Wouldn't it be reasonable to examine the beasts
of every
beauty contestant
and exact punishment
where necessary?
There's
a limitless supply of self-satisfaction, legislation and litigation
waiting for us
once
we recognize the
spectrum of what
it means to
be performance enhanced. The whole notion
of embellishment, augmentation and enrichment is
wired into our
DNA. We use drugs to get up,
get down, feel young, grow hair, kill pain,
sleep, eat, lose weight, gain weight, fly,
float and
fuck. Performance
enhancement
is our
reason
for living — our salvation. In the end, what's
God but a performance enhanced mortal? I say,
let's
get it on.
Or
maybe not.
Perhaps
the most reasonable solution to the performance enhancement problem
is to divide
the world into
two camps — user friendly
and the other. Those of us who enjoy the amped-up
play of athletes will
be able to watch the Anabolic League broadcasting
24/7, 110% juiced-up sports to a juiced up
world.
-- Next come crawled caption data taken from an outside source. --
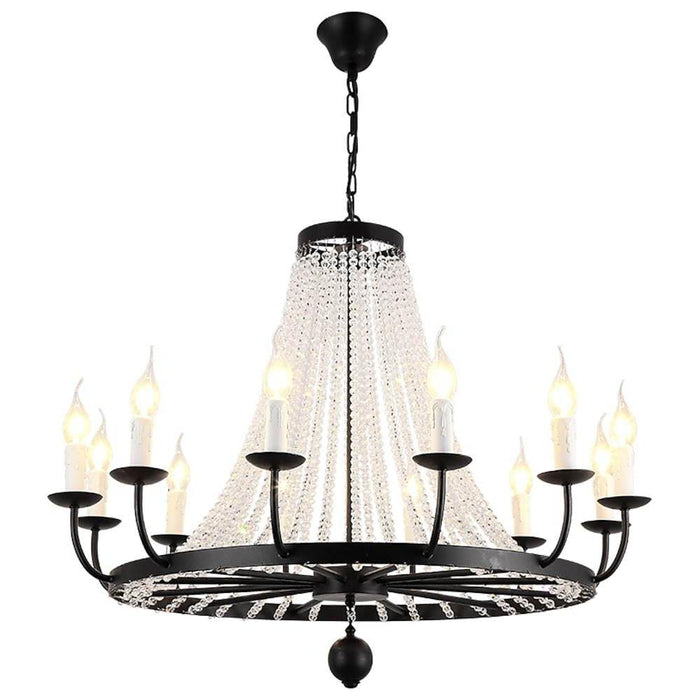 Empire Wagon Wheel Chandelier - 8/10/12 Candle Lights.  20'' Adjustable Chain. Crystal Accents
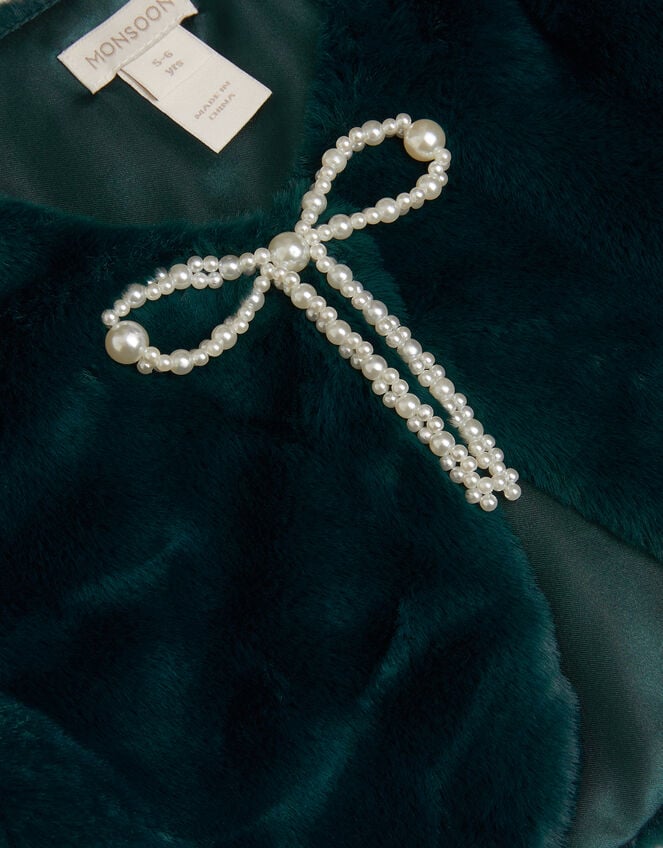 Marie Bow Faux Fur Shrug, Teal (TEAL), large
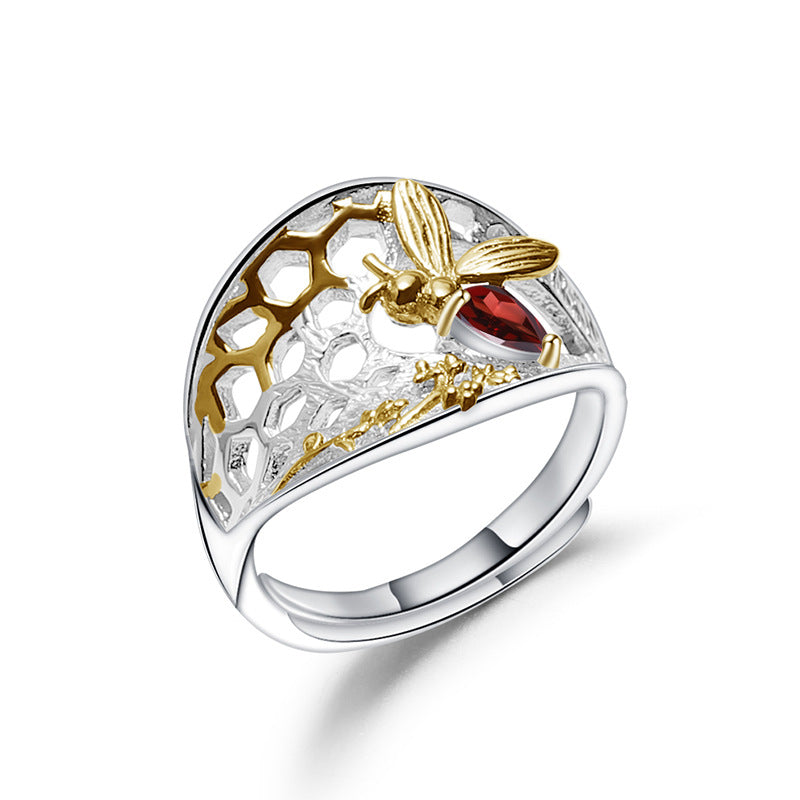 Designer Style Natural Wind Adjustable Open Ring Beehive Design s925Silver natural gemstone ring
Performance
enhanced
writers, musicians,
ceramic artists, postal workers, comedians,
real estate agents, land developers, pilots,
truckers,
bank tellers,
stay at home
moms, strippers,
CalTrans workers and all "cheater" professions
will, at long last, live modified lives in
peace, able to leap tall buildings
in a single bound, free from the forces of
intolerance.
Let
he who is without enhancement, cast the first stone.